新中国成立以来,有多次上访高潮,但中央采取相关措施以后,信访局势都得到了缓解,高潮得以回落。然而,进入1990年代以后,信访数量一直居高不下,形成了第五次信访高潮,且这次高潮至今尚未完全退去。这种状况使得信访制度改革日益成为全社会的关注焦点。

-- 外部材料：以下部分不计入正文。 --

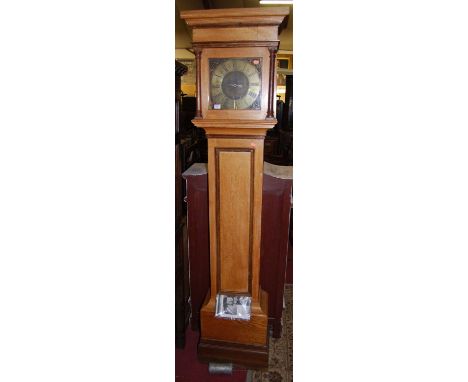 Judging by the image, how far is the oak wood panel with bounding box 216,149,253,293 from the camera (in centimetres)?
165

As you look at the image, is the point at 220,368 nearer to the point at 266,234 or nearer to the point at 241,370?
the point at 241,370

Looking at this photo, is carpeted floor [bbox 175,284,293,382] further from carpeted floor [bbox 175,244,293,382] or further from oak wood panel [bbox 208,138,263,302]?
oak wood panel [bbox 208,138,263,302]

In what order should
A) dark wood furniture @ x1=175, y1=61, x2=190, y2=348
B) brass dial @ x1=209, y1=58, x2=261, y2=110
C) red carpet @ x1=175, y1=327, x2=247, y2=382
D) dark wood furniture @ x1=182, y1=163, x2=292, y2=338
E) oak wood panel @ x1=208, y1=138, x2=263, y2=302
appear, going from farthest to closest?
dark wood furniture @ x1=182, y1=163, x2=292, y2=338 → dark wood furniture @ x1=175, y1=61, x2=190, y2=348 → red carpet @ x1=175, y1=327, x2=247, y2=382 → oak wood panel @ x1=208, y1=138, x2=263, y2=302 → brass dial @ x1=209, y1=58, x2=261, y2=110

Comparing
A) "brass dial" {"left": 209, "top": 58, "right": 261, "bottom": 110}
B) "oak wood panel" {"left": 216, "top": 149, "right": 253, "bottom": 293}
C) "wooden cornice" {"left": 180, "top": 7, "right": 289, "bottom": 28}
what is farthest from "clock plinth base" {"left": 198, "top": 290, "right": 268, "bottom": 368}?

自1993年开始,全国信访总量持续增高。在农村,1990年代农民负担日趋沉重,农民对政策的满意程度下降,农村干群关系比较紧张,日渐对基层干部表现出不满情绪。在城市,经济体制开始了巨大变革,各类社会矛盾和利益冲突加剧,人们的不公平感日渐增长。因此,遇到问题时,城乡居民不断走上信访的道路,将信访视为优于司法的补救方式。

面对这种情况,在“精简机构”的大背景下,中央不断强调“信访工作只能加强,不能削弱”,在全国建立起了体系化的信访工作机构,着力于加强队伍建设。2000年2月,中共中央、国务院办公厅信访局升格为副部级单位,更名为国家信访局。同时,国家不断明确信访职能分配,着力于相关制度建设。1991年5月新修订的《中央各部门归口分工接待群众来访办法》,进一步明确了信访问题归口分工的责任,所有问题均按来访人反映问题的性质或所属系统,分别归口中央有关部门接谈处理。1995年颁布的《信访条例》更是明确写下了“分级负责、归口办理,谁主管、谁负责,及时、就地、依法解决问题与思想疏导教育相结合”这一原则。全国各地也陆续制定了信访方面的地方法规和工作办法、规定、细则等政策文件,出台了比较完整规范的省级信访法规30部,市级500余部、县级达2000多部,[①]很多乡镇也制定了政策文件。这标志着信访工作完成了向法制化方向的转变。

然而,上述制度建设并没有遏制住上访量的上升势头,上访越来越危及到社会稳定,其中最关键的是,1990年代中后期集体上访增速惊人。在农村,农民状告乡镇政府、村委会的集体信访越来越多;在城市,企业改制所导致职工大批下岗失业引发的集体信访此伏彼起;甚至出现了城乡串联、跨县串联的民办教师信访和转业军人信访事件。集体信访如果得不到恰当和及时的处理,很容易演化升级为群体性事件。在这种情形下,尽管中央不断要求地方政府慎重对待上访,加强信访工作,但收效甚微。从1993年到2005年,十二年间全国信访数量连续高涨,“信访洪峰”成了中国政治社会生活中的常态,且矛盾焦点不断向中央聚集。上访的增幅越来越呈现“倒金字塔”形。根据国家信访局的统计数字,2003年国家信访局受理信访量上升14%,省级只上升0.1%,地级上升0.3%,县级反而下降了2.4%。另外,中央和国家机关受理信访量上升4.6%,省、地、县直属部门增幅较少,有的还是负增长。[②]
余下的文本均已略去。